Успехи мятежников росли быстро, и в короткое время к ним присоединились чахатцы и чочхатцы, которые хотя и внесли повинность, но все-таки согласились оказать гуриантцам и лихаурцам свою поддержку. Затем одни из жителей примыкали к бунтовщикам по принуждению, а другие хотя и не переходили открыто на их сторону, как например вакис-джварцы, но не могли и нам явно сочувствовать, боясь их мщения. Ропот и неудовольствие закрались даже в среду дворян и азнауров, и только большая часть князей осталась верна своему долгу и присоединилась в Озургетах к нашим войскам.
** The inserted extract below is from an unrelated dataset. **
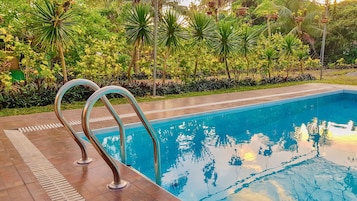 Una piscina con barandales metálicos, rodeada de vegetación exuberante y un deck de baldosas.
Некоторые из дворян стали во главе народа и начали готовиться к неприязненным действиям, порешив в то же время отправить депутацию старшин к Государю Императору, и сопровождая это решение полным отчаяния выражением: “неужели никто не войдет в наше положение"! По мнению князя Аргутинского-Долгорукого, который спустя немного времени исследовал на месте ход мятежа:

«От толпищ крестьян, предводимых дворянами и иступленными азнаурами, нельзя было ожидать никаких важных последствий, но эти невежды могли причинить много вреда и совершить не мало злодейств, вследствие чего наши ничтожные команды, разбросанные по крепостям и деревням, а также благомыслящие гурийцы, не желавшие примкнуть к беспокойным, могли первыми пострадать от безумной толпы».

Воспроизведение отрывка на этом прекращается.